▸ Your assignment
From the data below, set down exactly the lines between the one holding "Система для контроля" and the one holding "Bathroom in La Casa de Carlota", inclusive, and no others.

Saved entries
────────────────────

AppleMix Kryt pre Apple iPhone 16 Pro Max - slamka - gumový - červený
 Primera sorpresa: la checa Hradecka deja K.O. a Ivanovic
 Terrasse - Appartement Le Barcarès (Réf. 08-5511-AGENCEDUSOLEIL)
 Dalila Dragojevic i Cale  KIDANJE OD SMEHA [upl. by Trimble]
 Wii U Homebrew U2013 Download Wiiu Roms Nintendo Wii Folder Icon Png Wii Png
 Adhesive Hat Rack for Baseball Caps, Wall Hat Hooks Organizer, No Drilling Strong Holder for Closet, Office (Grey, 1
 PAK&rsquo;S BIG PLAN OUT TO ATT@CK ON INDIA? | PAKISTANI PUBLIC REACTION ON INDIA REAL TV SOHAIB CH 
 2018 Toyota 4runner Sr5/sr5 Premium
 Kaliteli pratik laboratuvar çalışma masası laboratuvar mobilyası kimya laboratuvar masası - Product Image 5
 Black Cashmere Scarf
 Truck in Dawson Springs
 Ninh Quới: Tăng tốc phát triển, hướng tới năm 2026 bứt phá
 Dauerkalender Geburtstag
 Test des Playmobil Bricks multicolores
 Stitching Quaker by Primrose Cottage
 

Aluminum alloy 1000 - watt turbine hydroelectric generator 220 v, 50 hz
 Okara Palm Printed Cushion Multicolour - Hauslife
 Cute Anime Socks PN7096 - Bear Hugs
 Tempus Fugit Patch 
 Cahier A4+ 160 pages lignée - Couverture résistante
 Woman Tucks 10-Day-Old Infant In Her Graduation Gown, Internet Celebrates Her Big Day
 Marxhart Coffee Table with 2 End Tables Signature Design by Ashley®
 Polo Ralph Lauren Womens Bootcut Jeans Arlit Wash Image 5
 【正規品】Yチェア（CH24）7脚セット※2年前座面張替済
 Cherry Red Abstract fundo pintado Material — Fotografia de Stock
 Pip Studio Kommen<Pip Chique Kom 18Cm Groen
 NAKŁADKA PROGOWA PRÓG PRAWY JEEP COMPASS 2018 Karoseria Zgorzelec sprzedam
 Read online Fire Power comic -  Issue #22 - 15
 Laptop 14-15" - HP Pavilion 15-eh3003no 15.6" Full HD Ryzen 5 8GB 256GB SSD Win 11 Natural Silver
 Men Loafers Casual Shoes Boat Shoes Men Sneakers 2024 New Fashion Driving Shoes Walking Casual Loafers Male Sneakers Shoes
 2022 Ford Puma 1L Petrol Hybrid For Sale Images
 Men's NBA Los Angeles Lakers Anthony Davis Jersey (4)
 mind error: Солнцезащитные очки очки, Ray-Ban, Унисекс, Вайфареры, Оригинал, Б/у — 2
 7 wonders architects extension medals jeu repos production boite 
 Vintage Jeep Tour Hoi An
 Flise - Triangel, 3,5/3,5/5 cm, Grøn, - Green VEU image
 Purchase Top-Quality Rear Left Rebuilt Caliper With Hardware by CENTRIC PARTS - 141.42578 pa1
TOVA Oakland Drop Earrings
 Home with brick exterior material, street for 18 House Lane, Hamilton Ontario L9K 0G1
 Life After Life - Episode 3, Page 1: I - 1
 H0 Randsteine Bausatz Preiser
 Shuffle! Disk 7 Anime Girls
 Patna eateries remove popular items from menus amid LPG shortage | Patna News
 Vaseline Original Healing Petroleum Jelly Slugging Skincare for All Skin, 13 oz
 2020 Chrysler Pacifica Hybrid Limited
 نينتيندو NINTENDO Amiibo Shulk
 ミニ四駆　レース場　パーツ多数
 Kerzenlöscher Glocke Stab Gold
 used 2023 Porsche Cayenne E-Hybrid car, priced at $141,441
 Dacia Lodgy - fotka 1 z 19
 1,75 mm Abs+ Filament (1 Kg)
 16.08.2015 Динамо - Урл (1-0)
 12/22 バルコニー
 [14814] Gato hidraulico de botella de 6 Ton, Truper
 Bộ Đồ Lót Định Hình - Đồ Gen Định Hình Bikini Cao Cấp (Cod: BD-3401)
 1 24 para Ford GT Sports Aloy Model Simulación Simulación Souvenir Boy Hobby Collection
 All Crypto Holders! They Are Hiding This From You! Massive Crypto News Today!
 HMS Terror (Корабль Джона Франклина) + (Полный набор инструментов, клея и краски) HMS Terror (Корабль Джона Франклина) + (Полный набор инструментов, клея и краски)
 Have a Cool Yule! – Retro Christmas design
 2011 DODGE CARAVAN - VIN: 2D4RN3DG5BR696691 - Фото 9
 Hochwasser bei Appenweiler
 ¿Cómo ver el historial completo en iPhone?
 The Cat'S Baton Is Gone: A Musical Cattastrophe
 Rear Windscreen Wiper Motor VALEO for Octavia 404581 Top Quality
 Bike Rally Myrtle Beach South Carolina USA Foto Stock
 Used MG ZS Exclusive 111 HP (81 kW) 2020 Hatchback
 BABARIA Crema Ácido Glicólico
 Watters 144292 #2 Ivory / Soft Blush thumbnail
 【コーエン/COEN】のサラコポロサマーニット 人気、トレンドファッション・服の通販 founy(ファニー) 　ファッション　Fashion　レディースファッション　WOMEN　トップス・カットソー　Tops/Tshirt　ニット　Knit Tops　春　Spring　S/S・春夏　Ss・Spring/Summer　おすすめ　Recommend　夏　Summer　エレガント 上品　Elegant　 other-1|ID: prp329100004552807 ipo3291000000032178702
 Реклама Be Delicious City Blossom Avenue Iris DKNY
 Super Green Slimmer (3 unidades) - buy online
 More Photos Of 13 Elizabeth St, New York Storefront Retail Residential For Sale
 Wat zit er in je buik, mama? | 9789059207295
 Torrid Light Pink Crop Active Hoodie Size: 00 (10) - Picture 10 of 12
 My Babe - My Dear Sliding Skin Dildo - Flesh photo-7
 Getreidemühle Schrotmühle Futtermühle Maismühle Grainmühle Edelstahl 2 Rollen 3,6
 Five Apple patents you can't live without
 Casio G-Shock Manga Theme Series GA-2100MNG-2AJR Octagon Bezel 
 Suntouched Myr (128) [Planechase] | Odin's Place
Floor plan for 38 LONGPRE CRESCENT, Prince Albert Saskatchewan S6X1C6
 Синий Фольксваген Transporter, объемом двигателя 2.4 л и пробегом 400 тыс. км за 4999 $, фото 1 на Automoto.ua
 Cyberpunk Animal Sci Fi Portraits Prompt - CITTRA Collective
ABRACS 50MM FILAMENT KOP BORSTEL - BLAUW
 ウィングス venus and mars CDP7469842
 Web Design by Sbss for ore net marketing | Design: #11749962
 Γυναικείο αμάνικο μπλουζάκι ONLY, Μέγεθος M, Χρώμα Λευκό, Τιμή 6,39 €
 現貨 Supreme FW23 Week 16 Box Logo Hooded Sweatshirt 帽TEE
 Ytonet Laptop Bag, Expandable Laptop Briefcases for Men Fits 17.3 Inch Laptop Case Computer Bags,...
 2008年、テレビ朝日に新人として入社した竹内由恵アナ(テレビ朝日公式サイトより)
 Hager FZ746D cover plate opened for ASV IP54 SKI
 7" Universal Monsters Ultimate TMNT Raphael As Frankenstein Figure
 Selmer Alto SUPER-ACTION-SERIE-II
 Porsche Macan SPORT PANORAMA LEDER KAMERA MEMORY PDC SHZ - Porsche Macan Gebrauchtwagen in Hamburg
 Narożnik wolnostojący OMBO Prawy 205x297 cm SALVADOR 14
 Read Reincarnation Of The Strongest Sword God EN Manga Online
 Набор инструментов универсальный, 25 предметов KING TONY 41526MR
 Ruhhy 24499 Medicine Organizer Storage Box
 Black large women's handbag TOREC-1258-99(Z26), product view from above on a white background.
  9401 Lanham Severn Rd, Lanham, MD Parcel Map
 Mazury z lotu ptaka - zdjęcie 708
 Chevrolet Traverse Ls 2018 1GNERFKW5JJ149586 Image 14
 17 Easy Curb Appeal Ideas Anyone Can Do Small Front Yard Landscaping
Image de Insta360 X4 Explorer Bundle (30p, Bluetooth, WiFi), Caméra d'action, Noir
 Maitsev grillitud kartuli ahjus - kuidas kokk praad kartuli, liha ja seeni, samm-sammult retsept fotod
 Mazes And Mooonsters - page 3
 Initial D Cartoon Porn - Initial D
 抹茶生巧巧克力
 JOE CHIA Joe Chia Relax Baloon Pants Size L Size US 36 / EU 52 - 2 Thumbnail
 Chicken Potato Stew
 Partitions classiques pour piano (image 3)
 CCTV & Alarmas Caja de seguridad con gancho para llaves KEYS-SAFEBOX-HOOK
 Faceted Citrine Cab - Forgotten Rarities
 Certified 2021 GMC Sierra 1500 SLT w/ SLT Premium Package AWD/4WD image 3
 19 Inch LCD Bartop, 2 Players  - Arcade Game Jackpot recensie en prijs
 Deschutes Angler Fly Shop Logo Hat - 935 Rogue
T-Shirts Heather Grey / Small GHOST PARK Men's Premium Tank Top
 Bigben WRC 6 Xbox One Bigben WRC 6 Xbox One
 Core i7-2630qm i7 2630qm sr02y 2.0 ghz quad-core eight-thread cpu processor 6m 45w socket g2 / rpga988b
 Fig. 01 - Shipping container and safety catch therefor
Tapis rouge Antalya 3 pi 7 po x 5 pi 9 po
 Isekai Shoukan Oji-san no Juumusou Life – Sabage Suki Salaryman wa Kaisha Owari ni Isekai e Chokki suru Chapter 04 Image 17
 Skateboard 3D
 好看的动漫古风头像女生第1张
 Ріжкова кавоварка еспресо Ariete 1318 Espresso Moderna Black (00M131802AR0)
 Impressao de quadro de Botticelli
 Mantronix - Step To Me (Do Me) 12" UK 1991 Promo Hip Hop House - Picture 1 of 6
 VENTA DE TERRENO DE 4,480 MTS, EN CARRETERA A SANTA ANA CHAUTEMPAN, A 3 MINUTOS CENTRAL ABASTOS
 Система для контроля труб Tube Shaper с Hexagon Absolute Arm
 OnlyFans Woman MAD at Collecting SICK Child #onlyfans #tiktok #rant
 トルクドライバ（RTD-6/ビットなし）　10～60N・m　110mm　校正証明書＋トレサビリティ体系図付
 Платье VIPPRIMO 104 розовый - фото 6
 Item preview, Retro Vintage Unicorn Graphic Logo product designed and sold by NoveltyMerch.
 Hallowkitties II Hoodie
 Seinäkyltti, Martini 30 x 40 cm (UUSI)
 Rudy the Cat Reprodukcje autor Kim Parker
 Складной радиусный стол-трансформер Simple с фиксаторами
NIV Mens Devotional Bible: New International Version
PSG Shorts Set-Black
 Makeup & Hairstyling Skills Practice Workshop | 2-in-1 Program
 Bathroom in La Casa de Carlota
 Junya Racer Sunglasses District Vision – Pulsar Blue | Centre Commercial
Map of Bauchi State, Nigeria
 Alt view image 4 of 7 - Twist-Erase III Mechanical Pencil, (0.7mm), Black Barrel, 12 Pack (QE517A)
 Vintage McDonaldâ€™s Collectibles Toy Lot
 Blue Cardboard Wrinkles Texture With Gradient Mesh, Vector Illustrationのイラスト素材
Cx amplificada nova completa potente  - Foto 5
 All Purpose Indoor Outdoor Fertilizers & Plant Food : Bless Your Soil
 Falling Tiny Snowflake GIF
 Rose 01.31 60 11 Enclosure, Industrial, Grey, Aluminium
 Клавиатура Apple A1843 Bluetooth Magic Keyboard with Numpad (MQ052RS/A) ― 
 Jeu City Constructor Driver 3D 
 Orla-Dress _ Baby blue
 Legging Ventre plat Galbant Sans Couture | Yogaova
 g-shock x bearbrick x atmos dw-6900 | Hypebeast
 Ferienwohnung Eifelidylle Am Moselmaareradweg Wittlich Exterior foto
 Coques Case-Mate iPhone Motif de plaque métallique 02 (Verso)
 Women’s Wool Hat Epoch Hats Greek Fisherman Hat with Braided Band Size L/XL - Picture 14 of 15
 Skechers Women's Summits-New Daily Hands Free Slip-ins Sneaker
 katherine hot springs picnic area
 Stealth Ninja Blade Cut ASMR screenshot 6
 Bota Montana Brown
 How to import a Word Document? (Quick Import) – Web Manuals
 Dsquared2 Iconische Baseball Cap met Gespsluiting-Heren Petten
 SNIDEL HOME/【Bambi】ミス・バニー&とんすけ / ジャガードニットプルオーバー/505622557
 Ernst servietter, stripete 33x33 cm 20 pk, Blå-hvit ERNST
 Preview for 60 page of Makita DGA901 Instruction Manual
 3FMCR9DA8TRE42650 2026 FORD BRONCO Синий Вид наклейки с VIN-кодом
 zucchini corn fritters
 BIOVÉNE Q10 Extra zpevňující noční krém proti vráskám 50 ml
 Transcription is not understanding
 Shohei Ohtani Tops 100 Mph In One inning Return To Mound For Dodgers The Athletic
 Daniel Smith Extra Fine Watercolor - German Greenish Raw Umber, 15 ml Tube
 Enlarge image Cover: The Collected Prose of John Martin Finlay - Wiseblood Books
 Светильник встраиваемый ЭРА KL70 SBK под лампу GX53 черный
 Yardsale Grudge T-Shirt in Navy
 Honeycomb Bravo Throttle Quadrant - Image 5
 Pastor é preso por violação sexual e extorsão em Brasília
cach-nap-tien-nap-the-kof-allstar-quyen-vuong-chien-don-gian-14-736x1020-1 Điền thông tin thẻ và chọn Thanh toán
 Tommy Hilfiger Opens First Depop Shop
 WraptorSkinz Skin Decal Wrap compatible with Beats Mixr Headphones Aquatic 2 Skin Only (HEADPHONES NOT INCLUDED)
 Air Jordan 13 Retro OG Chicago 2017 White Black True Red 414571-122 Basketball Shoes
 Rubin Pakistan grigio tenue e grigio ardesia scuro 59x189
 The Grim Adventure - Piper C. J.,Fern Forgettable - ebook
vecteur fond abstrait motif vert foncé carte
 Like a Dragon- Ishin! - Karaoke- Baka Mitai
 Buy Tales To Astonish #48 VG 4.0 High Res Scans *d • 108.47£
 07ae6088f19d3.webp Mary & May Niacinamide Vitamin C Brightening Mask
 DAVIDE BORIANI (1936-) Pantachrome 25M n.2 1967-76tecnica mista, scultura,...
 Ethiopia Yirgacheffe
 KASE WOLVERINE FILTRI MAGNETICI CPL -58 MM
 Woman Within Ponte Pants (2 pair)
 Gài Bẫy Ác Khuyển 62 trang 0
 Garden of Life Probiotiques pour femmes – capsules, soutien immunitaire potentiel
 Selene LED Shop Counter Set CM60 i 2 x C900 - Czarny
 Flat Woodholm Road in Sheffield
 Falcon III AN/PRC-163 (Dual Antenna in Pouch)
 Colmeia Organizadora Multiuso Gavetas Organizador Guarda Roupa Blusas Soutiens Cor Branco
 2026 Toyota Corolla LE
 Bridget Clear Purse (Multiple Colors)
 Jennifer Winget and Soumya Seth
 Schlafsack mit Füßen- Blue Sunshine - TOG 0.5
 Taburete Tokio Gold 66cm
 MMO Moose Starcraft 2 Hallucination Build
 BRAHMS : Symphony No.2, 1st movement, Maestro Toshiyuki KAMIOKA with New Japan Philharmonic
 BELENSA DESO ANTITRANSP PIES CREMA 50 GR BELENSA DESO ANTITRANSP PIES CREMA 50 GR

────────────────────

▸ Answer to this exercise
 Система для контроля труб Tube Shaper с Hexagon Absolute Arm
 OnlyFans Woman MAD at Collecting SICK Child #onlyfans #tiktok #rant
 トルクドライバ（RTD-6/ビットなし）　10～60N・m　110mm　校正証明書＋トレサビリティ体系図付
 Платье VIPPRIMO 104 розовый - фото 6
 Item preview, Retro Vintage Unicorn Graphic Logo product designed and sold by NoveltyMerch.
 Hallowkitties II Hoodie
 Seinäkyltti, Martini 30 x 40 cm (UUSI)
 Rudy the Cat Reprodukcje autor Kim Parker
 Складной радиусный стол-трансформер Simple с фиксаторами
NIV Mens Devotional Bible: New International Version
PSG Shorts Set-Black
 Makeup & Hairstyling Skills Practice Workshop | 2-in-1 Program
 Bathroom in La Casa de Carlota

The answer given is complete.